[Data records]

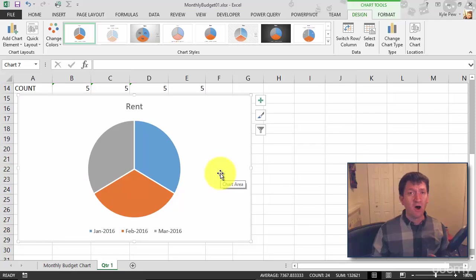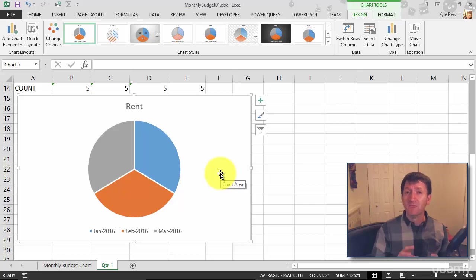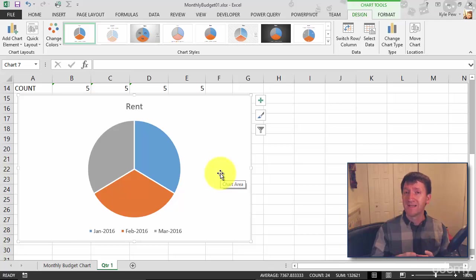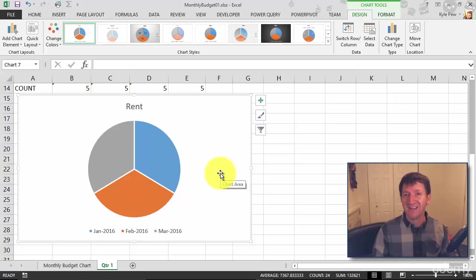So now what did it give me? Did it give me all the months with all the bills? What am I looking at? Remember a pie chart is better suited for smaller amounts of data, a single column, a single row. So what I really got here is a single row worth of data.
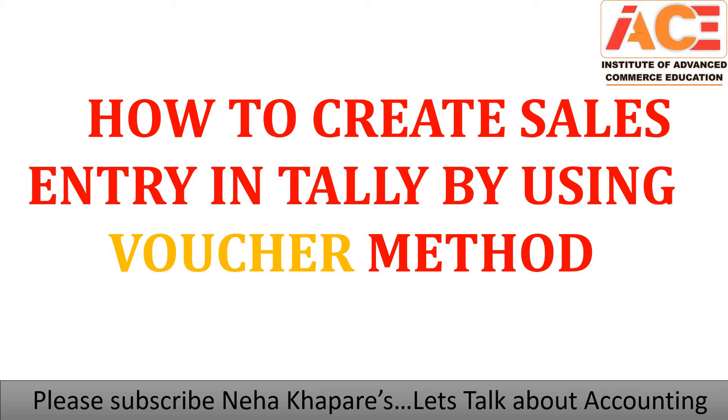I would like to tell you that in sales there are two methods: one is voucher method, another is invoice method. Voucher method is used mostly 99% by service industry, means the persons who don't maintain their inventory or don't maintain their stock. While invoice method is used by manufacturers, traders - it means the persons or the entities which maintain stock or which maintain inventory, they are using invoice method.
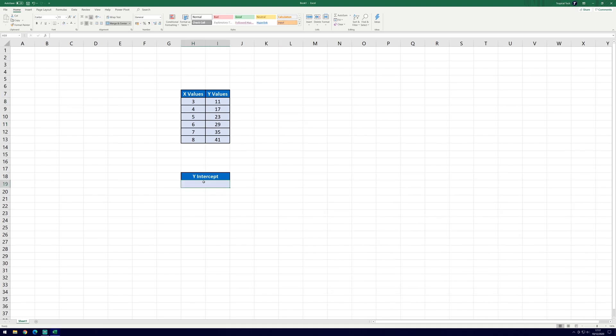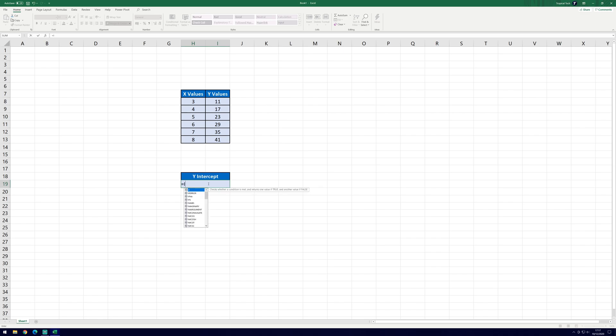Select a cell that you want the y-intercept to be displayed in, this can be any cell. In this cell, type equals and then intercept. Add an open bracket straight after this and you should notice that Excel is telling you what to add if you've typed it correctly.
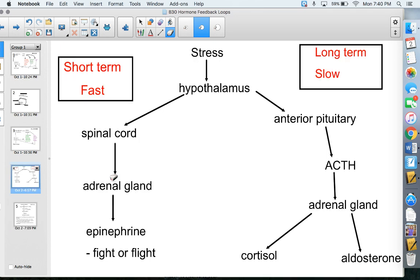Aldosterone is connected to another hormone called ADH, so I'll be doing a separate video on ADH and aldosterone — make sure to watch that next. This is the end of the video. Draw these diagrams out a couple of times, and your quiz on these things will be tomorrow.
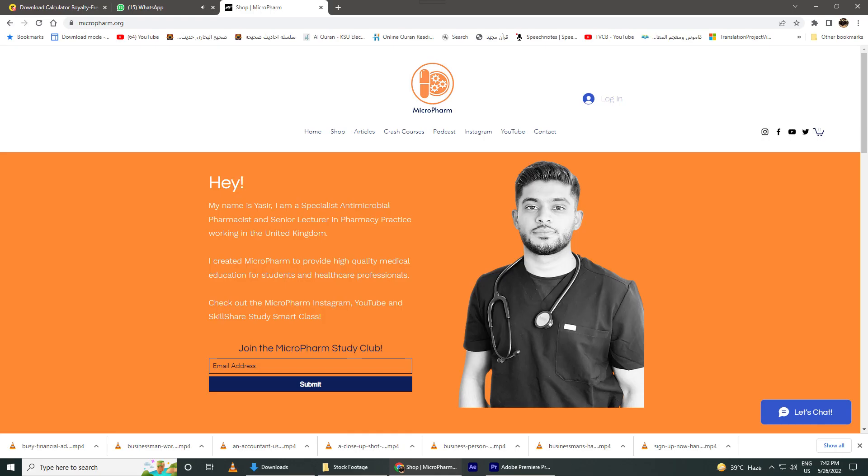If you want more tips for the GPHC registration assessment, be sure to follow the MicroPharm Instagram and TikTok pages, and attend all the webinars available via MicroPharm. I hope you found this video useful — if you did, please drop a like and subscribe. I'll see you in the next one. Bye bye.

▶ _The problem_
Although the records above include pictures, the copy must contain only their exact text.

▶ _Task output_
So now what did it give me? Did it give me all the months with all the bills? What am I looking at? Remember a pie chart is better suited for smaller amounts of data, a single column, a single row. So what I really got here is a single row worth of data.
I would like to tell you that in sales there are two methods: one is voucher method, another is invoice method. Voucher method is used mostly 99% by service industry, means the persons who don't maintain their inventory or don't maintain their stock. While invoice method is used by manufacturers, traders - it means the persons or the entities which maintain stock or which maintain inventory, they are using invoice method.
Select a cell that you want the y-intercept to be displayed in, this can be any cell. In this cell, type equals and then intercept. Add an open bracket straight after this and you should notice that Excel is telling you what to add if you've typed it correctly.
Aldosterone is connected to another hormone called ADH, so I'll be doing a separate video on ADH and aldosterone — make sure to watch that next. This is the end of the video. Draw these diagrams out a couple of times, and your quiz on these things will be tomorrow.
If you want more tips for the GPHC registration assessment, be sure to follow the MicroPharm Instagram and TikTok pages, and attend all the webinars available via MicroPharm. I hope you found this video useful — if you did, please drop a like and subscribe. I'll see you in the next one. Bye bye.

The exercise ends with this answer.